The luxury goods and apparel business looks to be poised for a comeback, driven in part by the consumer shift to Digital 3.0. The evidence can be seen in a new report from Bank of America and an earnings announcement from luxury apparel marketplace Farfetch.
It was the digital shift that drove a solid quarter for Farfetch. The company saw strong momentum in its business model marked by the acceleration of online adoption during the pandemic, attracting a record amount of new customers. By the numbers, Q2’s gross merchandise value (GMV) and digital platform growth rates increased by 48 percent and 34 percent year over year, respectively. Revenue increased 74 percent year over year to $365 million with a 44 percent gross profit margin and 35 percent digital platform order contribution margin, up 290 basis points and 690 basis points year over year, respectively. Digital platform GMV hit an all-time high at $651 million, and the site attracted more than half a million new consumers.
“We’re pleased to support such a large number of the world’s leading luxury brands who are leveraging our global platform to navigate the current landscape, including our top 20 direct brand e-concessions who, together, have benefitted from a doubling of sales year on year,” said José Neves, Farfetch founder, chairman and CEO. “I believe this ongoing acceleration behind our business results from a paradigm shift in luxury shopping, as the industry undergoes a major acceleration of the secular online adoption I envisioned in founding Farfetch. We at Farfetch remain dedicated toward helping the global fashion community navigate these unprecedented times, connecting luxury’s curators, creators and consumers, now and in the years to come.”
Meanwhile, a report from Bank Of America shows a severe drop in global luxury goods for Q2, but brighter days appear to be ahead. Revenue is expected to grow 16.6 percent next year, from a decline of 16.9 percent in 2020. The bank is betting that the pandemic will be under control by next year and that government-ordered lockdowns will ease.
“The expected revenue decline in 2020 is a result of the impact of COVID-19 on the sector. Given the extraordinary and ‘one-off’ nature of this headwind, we expect a strong rebound in revenue growth in 2021-22,” Bank of America reported. “We believe the underlying demand for luxury product remains solid, as shown by the strong bounceback in local consumption as countries come out of lockdown.”
The bank’s luxury demand indicator is down 50 percent in the second quarter, a significant increase from 19 percent in the first quarter.

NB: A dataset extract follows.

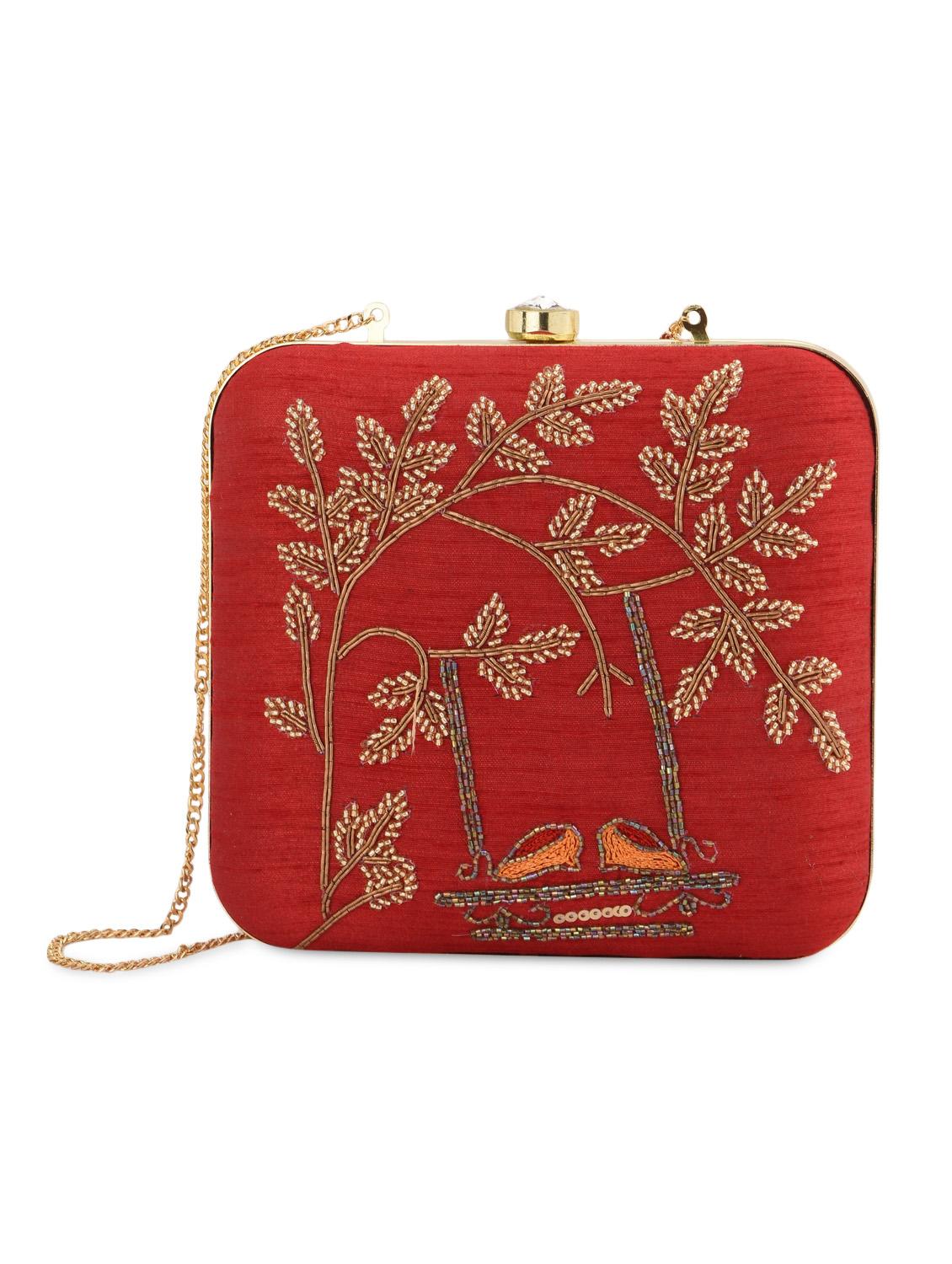 red embellished box clutch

For Q3 2020, BoA expects to see an improvement, with the decline in revenue narrowing to 7 percent.
“In Q3, we expect a significant improvement in revenue trends/sales densities as retail stores reopen,” the report said. “European and American consumers both appear back to growth in July, while the Chinese consumer overall still remains negative.”
The Wall Street Journal reports that almost all luxury brands suffered revenue drops of more than 20 percent in the first half, as boutiques were closed for months and big-spending shoppers couldn’t travel. “But the industry’s biggest brands – Louis Vuitton, Dior, Hermès and some others – have held up better than the industry as a whole and taken market share in the crisis.”